子どもの探究が確実に変わる、GIGAスクール時代の「学校図書館」活用の極意 高森北小の学校司書・宮澤優子の危機感と挑戦
また、学習指導要領改訂に合わせ、町内で教育の足並みをそろえるべく、「情報活用能力の年間指導計画」も立てた。全学年の国語科の教科書に記載されている情報活用に関わる指導項目を系統的に整理し直し、指導項目ごとに教材を作成。授業進行のシナリオも作り、誰がやっても同じ指導ができる仕組みを整備した。
「これは前任校時代でも成果があった取り組みです。小学校の6年間で図書館活用の方法や情報リテラシーを積み上げていけば、中学校で盤石な土台から探究学習をスタートできる。高森町でもすでに中学校での調査活動の質が変わってきたと言われています」
小1からの「図書館活用教育」で表れた成果とは?
小学校でも、高学年になる頃には確実に成果が見て取れる。例えば、宮澤氏が前任校で実践した5年生の「田中芳男チャレンジ」の事例を紹介しよう。
田中芳男は、幕末期から明治期にかけて活躍した飯田市出身の偉人で、植物学者、博物学者など多彩な顔を持つ。「田中芳男チャレンジ」は、そんな彼の写真を1枚だけ見せて「この人を紹介してください」と投げかけ、ポスターセッションまで行う実践だ。

ハードルが高いように感じるが、子どもたちは人物事典を片っ端から調べたり、校内の先生や親に取材したり、あの手この手で調査し、最短で当日、遅くとも1週間程度で名前を突き止めてきた。
「彼らは低学年の頃から情報活用スキルを身に付けているので、名前さえわかればその後の調査はお手のもの。校内の資料に不足を感じれば公共図書館から資料の取り寄せをしてくれと私に依頼しにくるし、一般書や郷土資料もちゃんと読み解きます。ちなみに今、北小でも地元の偉人を題材にスライド発表する形で同様の実践を行っています」
高森町での図書館活用教育はまだ3年目(北小は4年目)だが、すでに「知りたいことや困ったこと、調べたいことがあったら図書館へ行くという文化が根付いています」と宮澤氏は言う。

例えば北小の学校図書館では子どもたちが日々、通学路で拾った実や生きたトカゲなど調べたいものを持ち込み、みんなでにぎやかに同定していく。

ある3年生(当時)の児童は、庭の植物の葉を持ち込み、植物図鑑であっという間に「カラスビシャク」と同定。
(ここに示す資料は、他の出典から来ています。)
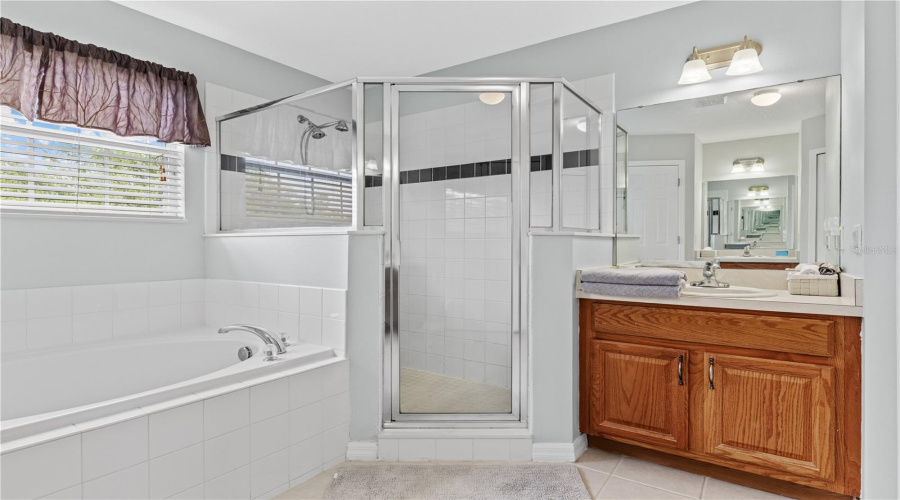 DAVENPORT, Florida 33897, 5 Bedrooms Bedrooms, ,3 BathroomsBathrooms,Residential,For Sale,HIGHGATE PARK,0,MFRO6406588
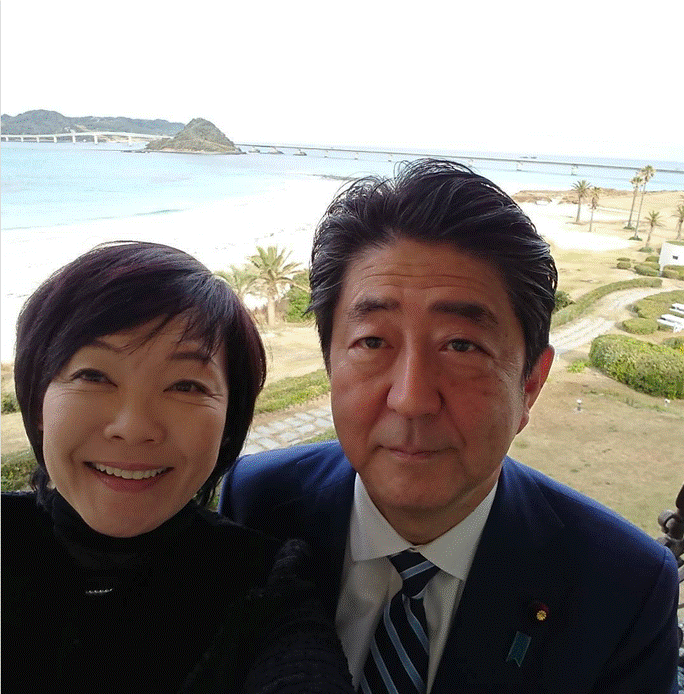 Tình yêu bền chặt ông Abe Shinzo dành cho vợ-5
さらに、翌日には「茎にできる球芽(ムカゴ)や仏炎苞(ぶつえんほう)という葉の中にある粒状のめしべが、図鑑の記載のとおり本当にあるのか確かめたい」と、カラスビシャクを株ごと持ってきた。
検証を行う休み時間には大勢の子が集まり、その児童はみんなが見守る中、球芽とめしべの存在をしっかり確認したという。

「本校では1年生から百科事典の使い方を教えますし、NDC(日本十進分類法)や配架に関する指導も早くから行います。だからこそ、この探究活動になるのです」
ただし、「調べる」には「知りたいと思う→調べようと思う→調べる→調べられる→知る→知ったことを活用する」と段階があり、重要なのはスキルだけではないと宮澤氏は強調する。